>>>

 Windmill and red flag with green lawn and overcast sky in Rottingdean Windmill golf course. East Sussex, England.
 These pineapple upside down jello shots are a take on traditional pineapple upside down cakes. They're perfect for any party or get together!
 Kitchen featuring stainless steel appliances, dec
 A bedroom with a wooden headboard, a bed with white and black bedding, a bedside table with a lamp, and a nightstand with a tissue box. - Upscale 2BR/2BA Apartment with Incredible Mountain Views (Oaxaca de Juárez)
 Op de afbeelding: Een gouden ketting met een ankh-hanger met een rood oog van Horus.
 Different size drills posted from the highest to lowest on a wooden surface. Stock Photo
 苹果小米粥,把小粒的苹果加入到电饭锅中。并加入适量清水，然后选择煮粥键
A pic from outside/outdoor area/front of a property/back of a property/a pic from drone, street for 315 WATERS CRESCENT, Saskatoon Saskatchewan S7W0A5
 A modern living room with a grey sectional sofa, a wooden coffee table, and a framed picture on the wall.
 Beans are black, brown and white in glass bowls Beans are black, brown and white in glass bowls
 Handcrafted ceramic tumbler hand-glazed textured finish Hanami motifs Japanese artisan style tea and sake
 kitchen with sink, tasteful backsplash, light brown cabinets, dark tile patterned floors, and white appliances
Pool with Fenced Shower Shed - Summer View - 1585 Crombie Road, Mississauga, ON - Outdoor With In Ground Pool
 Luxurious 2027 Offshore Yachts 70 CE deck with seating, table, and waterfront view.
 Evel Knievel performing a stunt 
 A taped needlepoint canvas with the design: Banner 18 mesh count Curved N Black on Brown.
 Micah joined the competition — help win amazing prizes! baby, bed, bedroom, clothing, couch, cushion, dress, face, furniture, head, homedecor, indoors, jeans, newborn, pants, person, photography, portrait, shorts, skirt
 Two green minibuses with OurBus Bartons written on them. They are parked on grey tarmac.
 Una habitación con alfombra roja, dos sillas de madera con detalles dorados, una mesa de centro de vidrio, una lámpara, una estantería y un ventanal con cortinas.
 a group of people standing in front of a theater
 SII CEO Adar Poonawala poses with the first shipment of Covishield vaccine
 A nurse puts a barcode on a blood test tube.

<<<

Task instructions: From the records above, print exactly the lines that run from the line with "Una habitación con" to the line with "SII CEO Adar", inclusive.

Output for this exercise:
 Una habitación con alfombra roja, dos sillas de madera con detalles dorados, una mesa de centro de vidrio, una lámpara, una estantería y un ventanal con cortinas.
 a group of people standing in front of a theater
 SII CEO Adar Poonawala poses with the first shipment of Covishield vaccine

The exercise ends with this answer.